[WHAT THIS TASK INVOLVES] Please repeat exactly the lines from the one containing "12-inch 3D Phone" to the end of the entries below, both included, and omit all pictures.

(Excerpts from a dataset)
^^^^^^^^
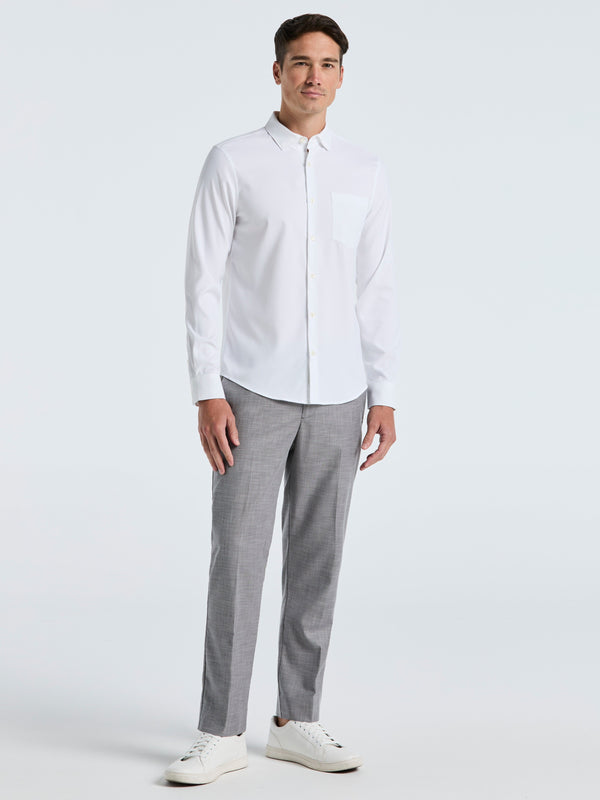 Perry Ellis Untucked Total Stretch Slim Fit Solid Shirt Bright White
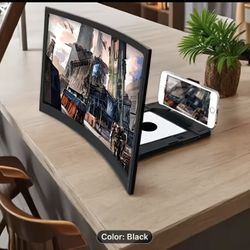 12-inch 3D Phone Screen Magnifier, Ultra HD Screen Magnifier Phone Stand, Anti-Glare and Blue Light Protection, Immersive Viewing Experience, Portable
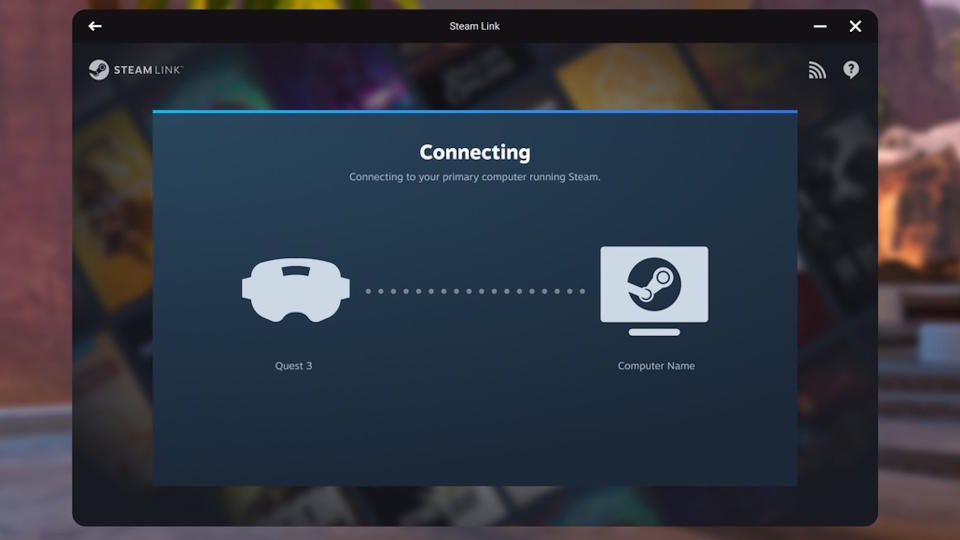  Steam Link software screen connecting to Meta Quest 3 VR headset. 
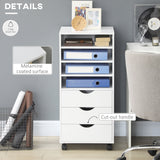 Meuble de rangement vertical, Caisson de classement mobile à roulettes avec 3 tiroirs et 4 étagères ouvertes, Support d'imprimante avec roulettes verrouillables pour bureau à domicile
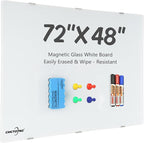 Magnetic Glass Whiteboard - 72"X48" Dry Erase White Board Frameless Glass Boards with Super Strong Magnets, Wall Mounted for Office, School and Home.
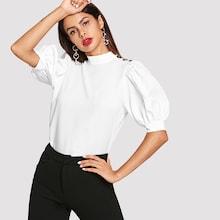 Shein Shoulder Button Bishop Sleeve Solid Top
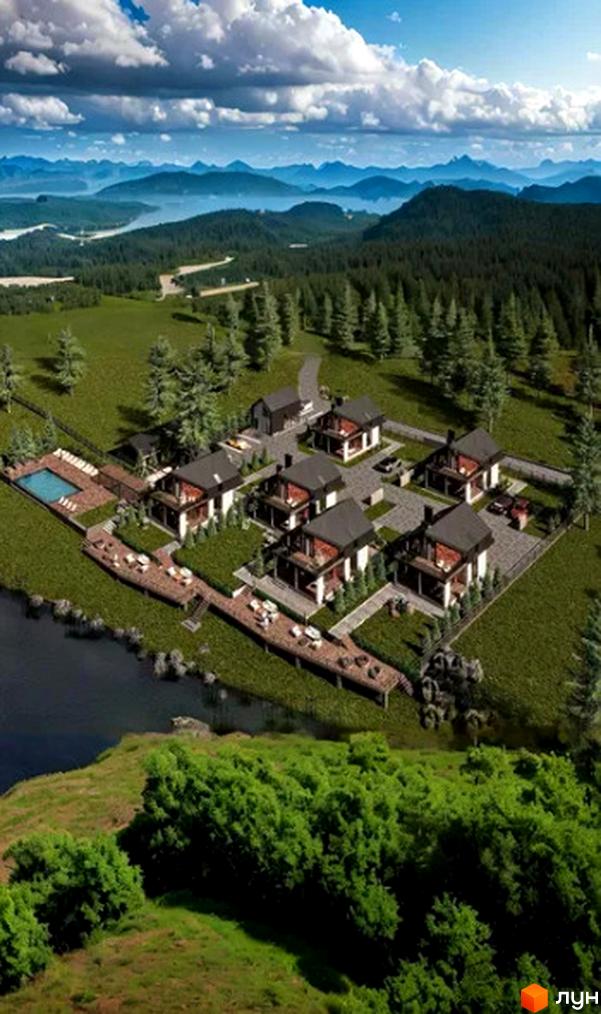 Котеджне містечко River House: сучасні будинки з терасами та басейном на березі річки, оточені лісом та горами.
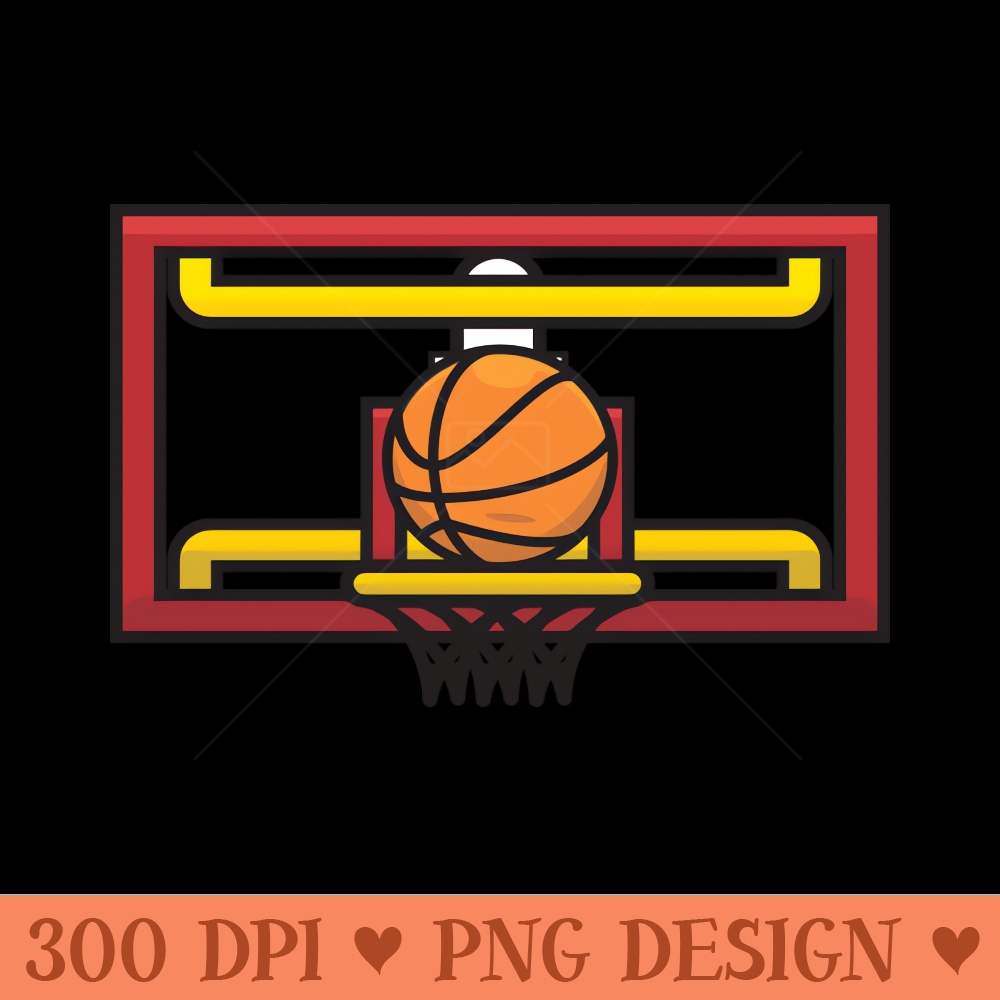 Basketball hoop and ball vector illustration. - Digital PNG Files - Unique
^^^^^^^^
[SOLUTION BELOW]
 12-inch 3D Phone Screen Magnifier, Ultra HD Screen Magnifier Phone Stand, Anti-Glare and Blue Light Protection, Immersive Viewing Experience, Portable
  Steam Link software screen connecting to Meta Quest 3 VR headset. 
 Meuble de rangement vertical, Caisson de classement mobile à roulettes avec 3 tiroirs et 4 étagères ouvertes, Support d'imprimante avec roulettes verrouillables pour bureau à domicile
 Magnetic Glass Whiteboard - 72"X48" Dry Erase White Board Frameless Glass Boards with Super Strong Magnets, Wall Mounted for Office, School and Home.
 Shein Shoulder Button Bishop Sleeve Solid Top
 Котеджне містечко River House: сучасні будинки з терасами та басейном на березі річки, оточені лісом та горами.
 Basketball hoop and ball vector illustration. - Digital PNG Files - Unique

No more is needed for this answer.